Но, понимаете, это не была только политическая, общественная заслуга. Белинков был артист в полном смысле этого слова, в высшем смысле моцартианского пульсирующего начала. Я думаю, что жизнь его будет очень долгая. Он чувствовал нерв русской культуры. Вы знаете, среди смогистов был некто Леня Губанов[325]. У него была такая курьезная фраза: «Россию понимают лишь евреи». (Голос Сарнова. Ну, это преувеличение, конечно.) Конечно. Есть и такие, как Александр Львович Дымшиц[326]. И вообще, тут евреи ни при чем. (В зале дружелюбный смех.) Но Белинков, как никто, понимал и судил русскую трагедию и чувствовал музыку русской культуры. Он был рожден с этим, и, конечно, этого удивительного человека не только будут читать, но и будут ему радоваться.
Платон Набоков: Теперь уже трудно узнать сидящих здесь моих сокурсников по Литературному институту. Я пришел в институт из госпиталя в конце 42-го года. Вскоре мы познакомились с Аркадием. Тут уже говорили об обстановке того времени, и я не буду повторяться. Вспомню только, как нас по красной дорожке вызывали по очереди к Федосееву, директору института. А у Федосеева сидел некий человек в синей косоворотке и говорил: «Вы, вот, фронтовик. Вы та-та-та-та. Вы та-та. И Вы должны нам говорить, какие мысли у студ…» — «Я контужен, у меня вот голова пробита! Я в истерику могу! Я не помню, что я вчера говорил!» — «Ах, идите, идите…» Я уже был битый: отца расстреляли в 34-м, отчима в 37-м. Все мои тетки, сестры моей матери, пострадали, их мужья пострадали, попав в Литературный институт, горегорьковский литинститут, я понимал, как себя надо вести.
Сегодня вспоминали многое.
Не вспомнили, пожалуй, главное. То, что Аркадий создал вокруг себя группу наиболее талантливой, одаренной молодежи.
Я не могу о них не вспомнить поименно:
Надя Рашеева-Романовская. Она прекрасно знала поэзию Блока, написала о нем исследование. Больной человек, — она была арестована, выжила в лагерях и умерла вскоре после возвращения.

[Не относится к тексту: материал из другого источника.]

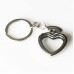 Heart Locket Key Ring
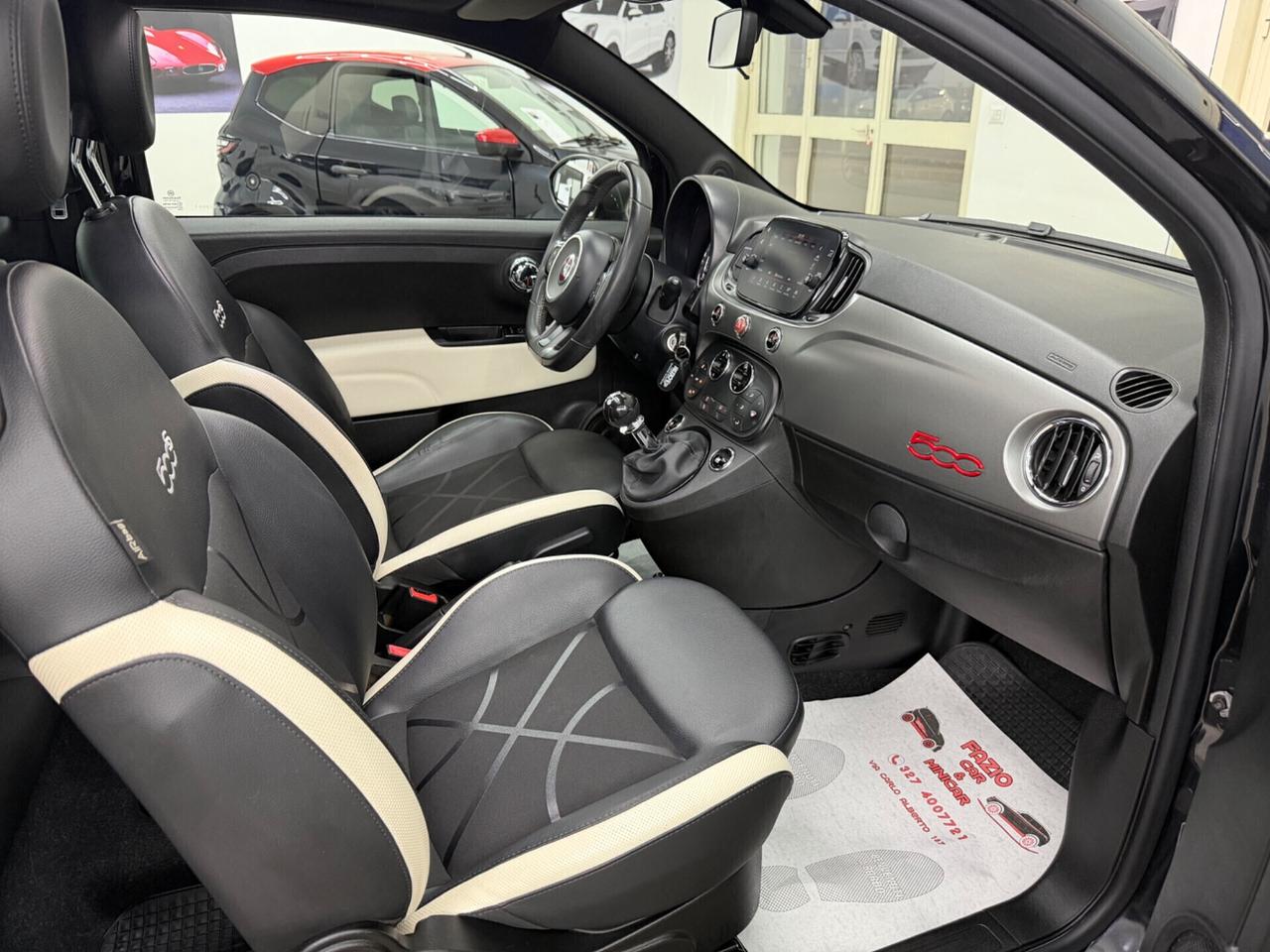 Fiat 500 S 1.2 Strafull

Георгий Ингал. Он написал прекрасную повесть-роман, очень сложную — они сродни в этом смысле с Аркадием — о Дебюсси. Начал писать роман о Чайковском. И Георгий, и Аркадий интересовались мной: все-таки я воевал, был пулеметчиком, многое видел. Помню один из наших последних разговоров с Георгием о будущем, которое нас ожидает после войны. От его жены я узнал, что он был убит в лагере. Когда я сам попал в лагерь, мне подтвердил это один заключенный. Георгий пытался восстановить роман о Дебюсси и прятал свои бумаги, что было совершенно недопустимо. Ты должен был показать заключенным, своим соседям, что ты пишешь, что ты делаешь. Это надо было делать открыто. Его приняли за стукача, а может быть, это была определенная провокация со стороны внутренних органов — кагэбэшных, лагерных. И заключенные его убили.